Великолепный кортеж, с утра стоявший перед дворцом Санта Мария дель Портико, только что тронулся в путь. Толпы горожан издали любовались его сорока тремя изящными повозками и роскошным экипажем с балдахином из дамасского шелка.
В этом экипаже, на розовых атласных подушках сидела Лукреция, а впряженной в него лошадью правил Гоффредо. Ему предстояло привести кортеж в Сполето.
На балконе дворца стоял сам Александр, пожелавший присутствовать при отъезде дочери. Вот он поднял руку и трижды благословил свою любимицу.
Лукреция была рада покинуть Рим. Уж больно нелегкие выдались последние несколько дней. Санчу вынудили вернуться в Неаполь, и Лукреция прекрасно понимала, что ее и Гоффредо отправляют в Сполето, опасаясь их бегства в Неаполь – к супругу и супруге, с которыми они теперь были в разлуке.

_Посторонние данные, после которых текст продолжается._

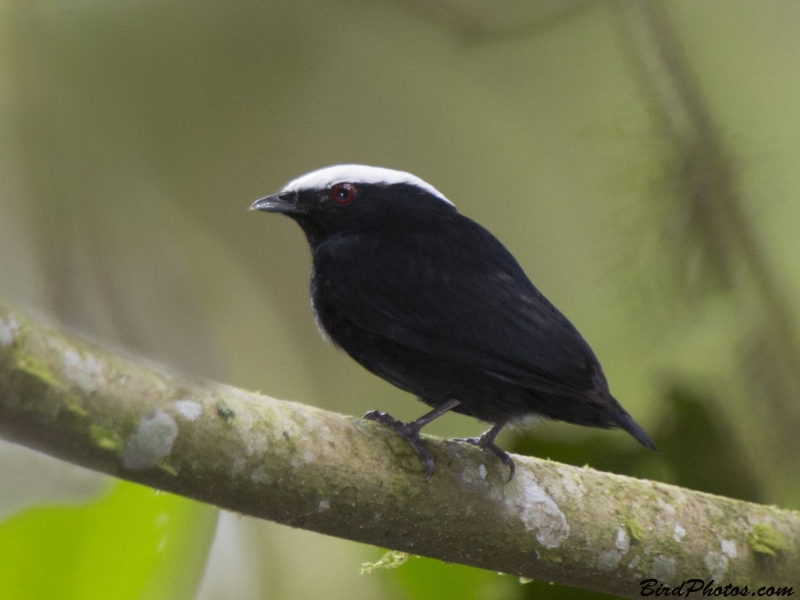 White-crowned Manakin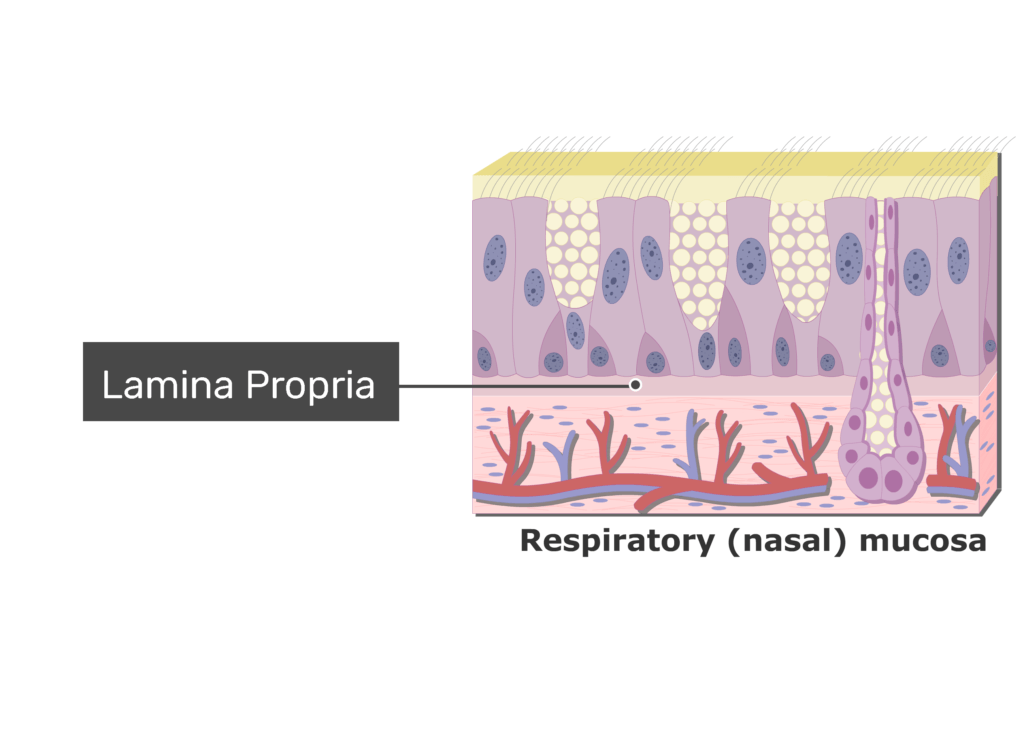 <p>What is the function of the <strong>lamina propria</strong> in the nasal passages?</p>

Она знала, что многочисленные слуги, сопровождавшие кортеж, ни на минуту не выпустят их из виду, а в случае каких-либо происшествий будут держать ответ перед Папой.
Распорядившись о переезде дочери, Александр сказал, что уже давно собирался сделать ее полновластной правительницей Сполето и Фолиньо. Судя по его словам, она должна была навестить эти города, чтобы познакомиться с ними и заранее расположить к себе их жителей.
Однако Лукреции казалось, что в этих словах заключалась только половина всей правды. Александр боялся ее побега. Он не мог сделать дочь узницей в Риме – и поэтому решил сделать ее узницей в Сполето. Теперь она должна была жить в замке, практически не отличающемся от крепости, а кроме того, расположенном в ста пятидесяти милях к северу от Рима, что намного увеличивало расстояние между ней и Альфонсо.